DELAWARE COUNTY, Ind. — A new pilot program in Delaware County is working to target drivers ignoring the safety of students getting on and off of school buses.
“Safety for kids going to and from school is paramount,” said Muncie Police Department Deputy Chief Christopher Deegan. “We’ve seen some accidents the last couple of years that have been pretty serious.”
The newly-launched initiative is a partnership between the Muncie Police Department, Delaware Community School Corporation (DelCom), Yorktown Community Schools and the Delaware County Prosecutor’s Office.
“It started out with seeing Facebook posts from parents and some drivers that are friends complaining about stop arm violations. We don’t have the manpower to put a police car behind every single vehicle so I thought, how can we show enforcement? With enforcement will come some compliance,” said Sergeant Garreth Vannatta with the Muncie Police Department.
The department teamed up with Yorktown and DelCom schools’ transportation departments to launch the new program, looking to hold drivers accountable that illegally pass a school bus with its stop arm extended.
About 90% of Yorktown’s buses are equipped with stop arm cameras, according to Jeff Whitesell, transportation director for the district, and all 35 of the buses operated through DelCom are equipped with stop arm cameras, their transportation director, Derick Bright, said.
As the county has experienced a trend in increasing stop arm violations over the last few years, both Whitesell and Bright said their drivers have witnessed this firsthand.
“We’re getting them two, three, four a day. You start realizing how bad it actually is,” said Whitesell, who retired several years ago from law enforcement years ago before taking the job as transportation director.
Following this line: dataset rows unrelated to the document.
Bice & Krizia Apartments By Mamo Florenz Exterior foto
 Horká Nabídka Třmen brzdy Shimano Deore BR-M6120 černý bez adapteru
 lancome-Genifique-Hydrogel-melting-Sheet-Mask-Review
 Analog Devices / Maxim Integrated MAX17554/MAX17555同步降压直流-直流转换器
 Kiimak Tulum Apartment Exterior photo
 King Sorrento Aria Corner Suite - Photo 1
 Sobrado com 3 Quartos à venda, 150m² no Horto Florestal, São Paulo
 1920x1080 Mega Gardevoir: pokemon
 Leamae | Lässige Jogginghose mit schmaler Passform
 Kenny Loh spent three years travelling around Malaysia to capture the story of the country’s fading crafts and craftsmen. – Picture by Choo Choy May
He said he began realizing the scope of the problem when he moved into his current role.
“I definitely have seen an increase in the last three years,” said Bright. “We have violators that are on highways, county roads, neighborhood roads.”
Using the buses already equipped with the technology, MPD is teaming up with the departments to keep a watchful eye for violators and hold those accountable that aren’t stopping for extended stop arms on buses.
How it works is, when drivers witness a violation, there’s a button inside the bus that they can push and it will mark the cameras, so nobody will need to spend hours scrubbing video to find the spot where the violation was recorded.
The location and time of violations will be marked down and the transportation company will alert Muncie police, who will review footage of any incidents and take the next steps.
To review the footage after they are alerted to a violation, officers with MPD will come in on their off time, paid for by a grant awarded by the Indiana Criminal Justice Institute (ICJI) that provides police agencies federal funding assistance to help maximize the probability of reducing death or injury on roadways.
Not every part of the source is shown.